KIM Eui-Gyeong: Born in Seoul, Korea, 1918. Drafted to Nanjing, China, 1938. Died in Wuhan, 2009
“I still remember how the Namdaemun gate looked back then, even though I cannot even speak Korean now because I have been living in China too long. Two Japanese men took me one day forcefully and I ended up being a ‘comfort woman’ in China. I was 20 years old. Around 30 women were transported with me on the same train, and we were repeatedly gang-raped by the Japanese men during our trip. I was given the Japanese name Akari in the comfort stations. Begging in the streets to survive after the war and wandering everywhere in towns and villages, I settled in Wuhan and married there. However, my marriage life was so messy because of my secret that I was a [former] ‘comfort woman’ stuck in the back of my mind. I could not give birth, so we adopted a girl and brought her up as our daughter.”

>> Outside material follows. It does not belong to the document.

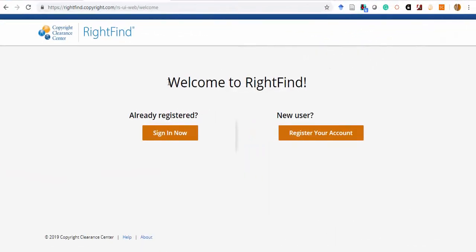If you did not already have a personal account created, you can do so by clicking Register Your Account on the RightFind Academic page.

PARK Woo-Deok: Born in Koseong, Korea, 1919. Drafted to Shandong, China, 1935. Died in Shanghai, 2007
“When I was small, my mother died, so my father got married again and my stepmother did not like me. I was 15 years old when I was lured away by the promises of job recruiters that I could earn a lot of money in China. I ended up being a ‘comfort woman’ in China. They deceived me. Ten months later, the comfort station owner sold me to a ‘massage shop’ in Shanghai, which a Russian woman managed for Japanese soldiers. After the war, I met a Korean man and we got married. I gave birth to a daughter. In April this year (2005), I visited Korea for the first time after the end of the war, and recovered my (South) Korean nationality. It was nice to be in Korea, my home country, but I missed my family in China terribly, and made up my mind to return home to them.”